Kamis, 01 Oktober 2015

Letter To Romeo II



Ada yang berbeda dari hari ini. Kau tahu apa? Tak ada sapa hangat selamat pagi darimu , tak ada cerita tentang aktivitas yang kau lalu sepanjang hari dan tak ada kesempatanku untuk berceloteh ria ketika kau membantah ide-ide yang aku anggap kreatif namun terlalu rumit bagimu. Mungkin aku yang belum terbiasa namun pelan tapi pasti kita akan bisa menerima kenyataan yang ada. Sejujurnya ada rasa rindu setiap kali aku menemukan namamu dalam daftar kontak  telepon selulerku tapi untuk kembali melangkah bersama kita sudah tak bisa.
Aku pernah mengatakan bahwa ketika kita memutuskan untuk berhenti bukan berarti semua berakhir,tapi ketika kita memilih untuk mengakhiri maka secara otomatis semua akan terhenti. Dan itulah yang kini terjadi. Kenyataan  adalah sesuatu yang tak mungkin kita bantah sekalipun ingin, protes pada keadaaan bukanlah suatu pilihan. Tidak ada yang menginginkan sebuah perpisahan,setidaknya itulah yang aku tahu saat kita bertemu disebuah awal yang disebut perjumpaan.

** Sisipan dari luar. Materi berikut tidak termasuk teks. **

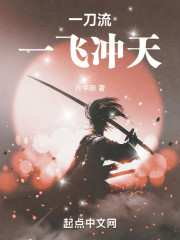 一刀流：一飞冲天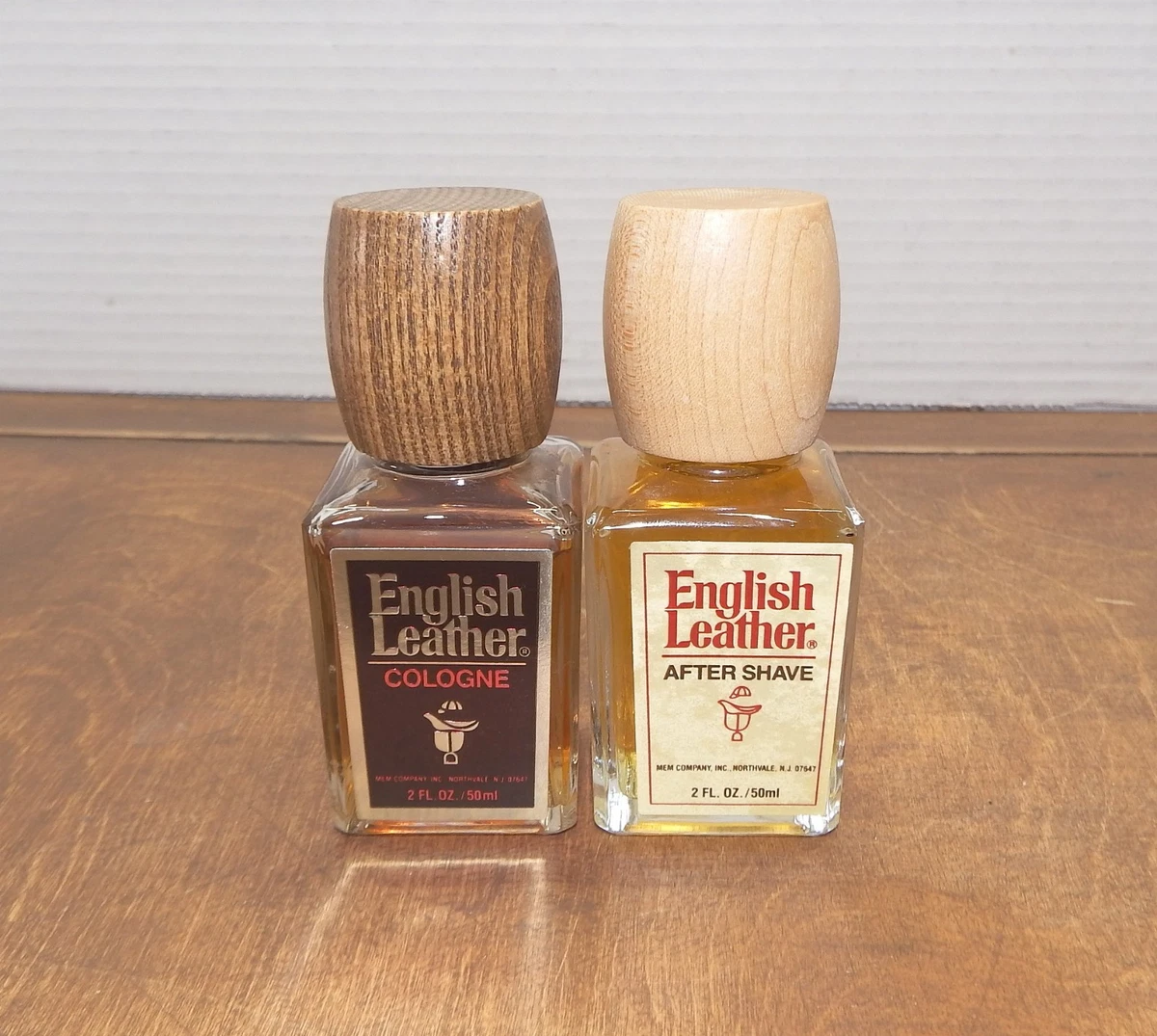 English Leather Eau de Cologne Fragrances for Men for sale | eBay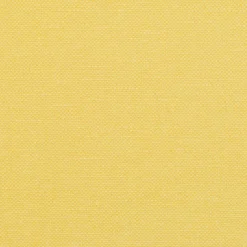 PKaufmann_inc/PK Fulton Yolk P/Kaufmann Fabric> Solid, Texture & Faux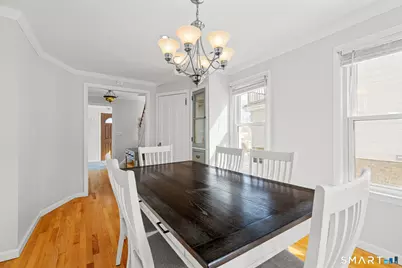 30 Burritt Avenue, Norwalk, CT 06854 - Photo 10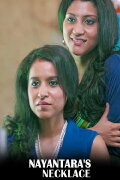 Nayantara's Necklace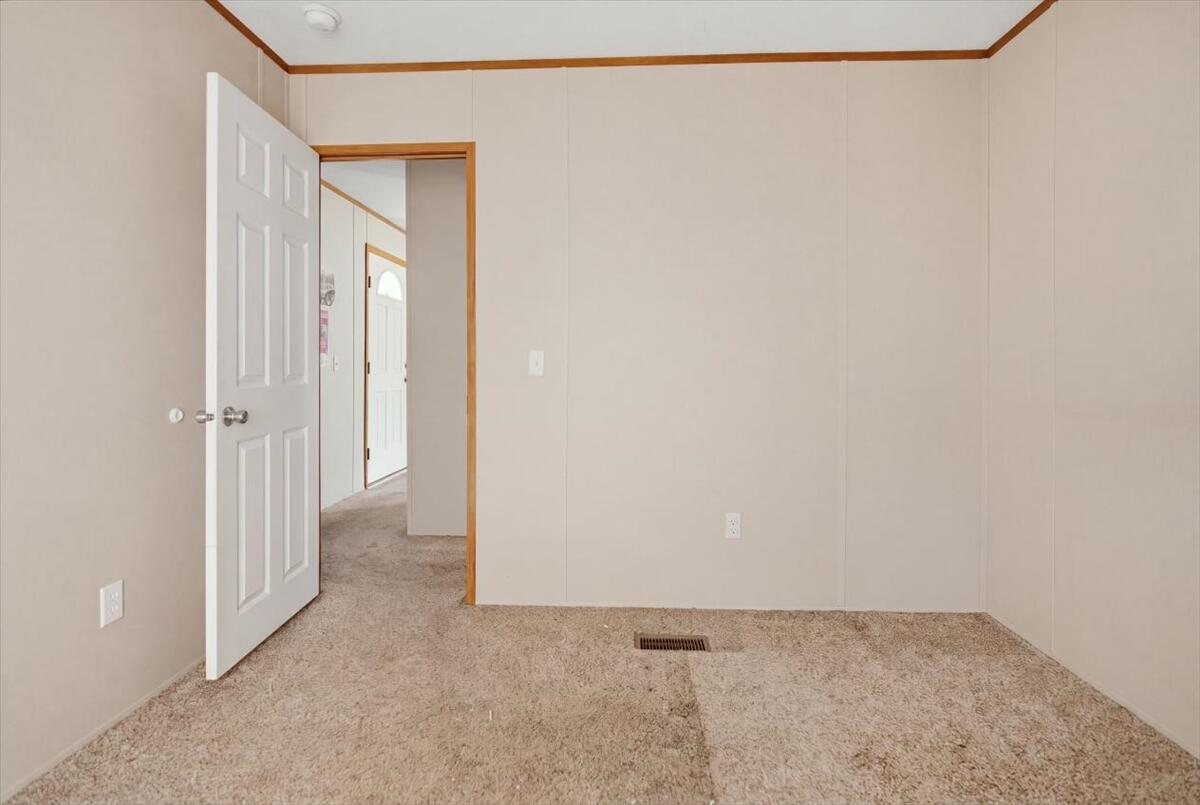 7 Autumn Lane Property Photo 16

Mungkin beberapa orang diluar sana akan bertanya pihak mana yang pantas untuk dipersalahkan,tidak ada ! Ini adalah keputusan yang berdasar pada kesepakatan. Pelik permasalahan cukup kita yang rasakan. Aku bersyukur karena kita mengakhirinya dengan sebuah senyuman, walau itu dilakukan dengan sisa ketegaran saat melihat genggaman tangan memang sudah waktunya dilepaskan.
Tidak tragis memang,tapi cukup mencipta rasa gamang di sudut hati. Walau tak seperti Kisah Cleopatra dan Mark Anthony dalam karya fenomenal William Shakespeare namun terlalu munafik rasanya jika aku mengatakan tak ada tangisan. Airmata tetap ada ,entah itu menggambarkan kelegaan,kesedihan atau perpaduan dari keduanya tidaklah penting. Satu hal yang kita sadari setelah sekian lama adalah kita benar-benar siap untuk kenyataan bernama kehilangan.
Terima kasih telah menyayangiku,rasamu membuat aku selalu kuat menghadapi segala kemungkinan  yang akan terjadi nanti. Kapan pun kau melihatku ,tersenyumlah. Kau berhasil membuatku tak lagi takut pada kesendirian. Kau menyakinkan aku untuk tegar menghadapi sesuatu yang disebut perpisahan. Kau juga yang membuatku percaya sekalipun aku sendiri namun aku tak pernah kesepian. Setiap kisah harus berakhir bahagia. Entah itu bersama atau kita memiliki bahagia yang berbeda tapi aku berharap semoga kita bisa memaknai setiap peristiwa dengan bijaksana.